The Child Support Agency (CSA) is being scrapped, with absent parents facing curfews and the suspension of their passports, MPs have been told.
The measures are intended to reduce child poverty
Work and Pensions Secretary John Hutton said the CSA was not working, had a backlog of 300,000 cases and debts of £3bn with little prospect of recovery.
It will be replaced by a new "smaller, more focused" body as part of a radical reform of the maintenance system.
Senior Tory Phillip Hammond said the move would disappoint 1.5m families.
Mr Hutton told MPs he wanted to "come down like a ton of bricks" on absent parents who "are not discharging their duties legally or morally" in supporting their children.
The reforms would allow parents to keep more of their maintenance allowance before it affects their benefits.
He said the plan was to remove the requirement that all parents with care claiming benefit are treated as applying for child maintenance.
The number of children receiving support would rise from 1.1 million today to 1.75 million, with administrative savings for the taxpayer.
And, accepting the recommendations of a review of child support arrangements by Sir David Henshaw, Mr Hutton said a new organisation would be set up with strengthened enforcement powers.
In his Commons statement, he said the "fundamental flaws" of the system would be addressed and that parents would be encouraged to reach their own maintenance agreements.
He told MPs the CSA had fallen short of expectations "despite the very best efforts of its staff".
"Only a minority of cases handled by the CSA actually receive any maintenance at all," he said.

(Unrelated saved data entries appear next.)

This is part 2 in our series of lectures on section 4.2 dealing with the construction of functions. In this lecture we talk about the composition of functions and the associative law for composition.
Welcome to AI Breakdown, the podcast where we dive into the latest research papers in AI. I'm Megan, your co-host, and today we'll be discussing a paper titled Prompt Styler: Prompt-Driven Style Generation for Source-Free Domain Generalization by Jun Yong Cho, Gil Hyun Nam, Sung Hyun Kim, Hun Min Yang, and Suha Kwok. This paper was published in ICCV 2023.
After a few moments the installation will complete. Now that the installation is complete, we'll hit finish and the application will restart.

He said the CSA cost taxpayers around £200m a year but had never delivered satisfactory levels of customer service.
He said the government intended to strengthen the new agency's powers to recover maintenance from repeated non-payers, including letting it impose curfews and suspend passports.
A White Paper will be published later this year setting out the plans in greater detail.

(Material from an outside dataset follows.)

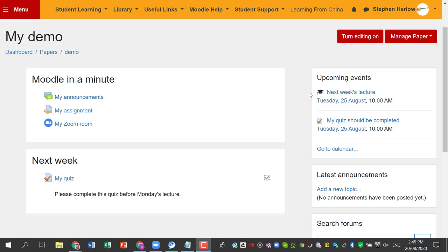I've got a lecture next week and I want my students to complete a quiz before they come to the lecture. I've enabled activity completion so I can see when they've done it, but I really want to give them a reminder to hurry them along if they haven't done it.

But Mr Hammond, shadow work and pensions secretary, said the announcement would disappoint families "trapped in the shambles of the CSA".
"What they have got is yet another delay for further reports and more consultation. They will feel let down once again," he said.

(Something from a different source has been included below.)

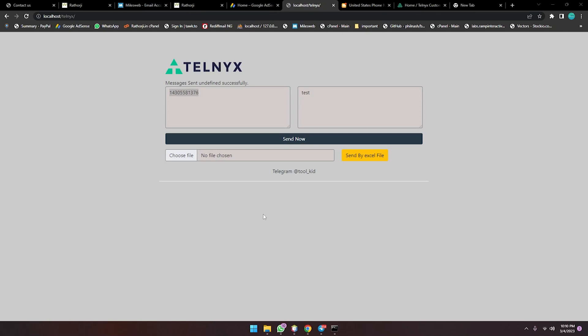Hey guys, this is Rawtorji, and today I have a new SMS sender which is Tenix. Using this API, we can send SMS in bulk, and also we can send using an Excel file. If you have data like first name, last name, and also some category of your product, you can personalize your messages and send personalized messages using this sender. Let me give you a quick demo and then we will write the code.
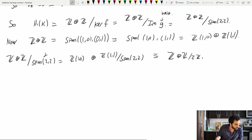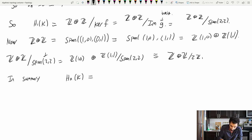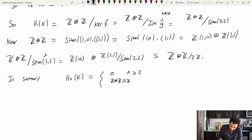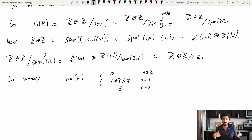In summary, Hₙ(K) of the Klein bottle equals 0 for n ≥ 2, Z⊕Z/2Z for n=1, and Z for n=0. The same techniques we used for the torus and Klein bottle will work for higher genus orientable and non-orientable surfaces.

Liberal Democrats work and pensions spokesman David Laws said the announcement offered "rebranding, further delay and more gimmicks, when what is needed is immediate action".
The One Parent Families organisation welcomed the extra enforcement measures as well as possible changes to benefits.
Chief executive Chris Pond said: "Tough enforcement action has been the missing piece of the jigsaw - there is a culture of non-compliance out there which must be tackled."
However, he added the "big question" concerned existing cases and how long the ones "mired in the mess of the current scheme" would have to wait for change.
And Citizens Advice warned the changes could lead to "widespread confusion", unless parents were informed quickly of their options.
Pressure group Fathers 4 Justice told BBC News the government should support a "legal presumption of contact" allowing parents to see their children after divorce and separation which carried with it "the responsibility to pay for one's own children".
A spokesman said: "This government is trying to reflect its own failing in the family law system and divert it to 'dead beat dads' - the stereotype of guys who walk away and leave their children and... it's just not true."
He also accused the government of "double standards" for planning measures, such as confiscating passports, for fathers who refused to pay but rejecting similar measures against mothers who did not allow fathers see their children.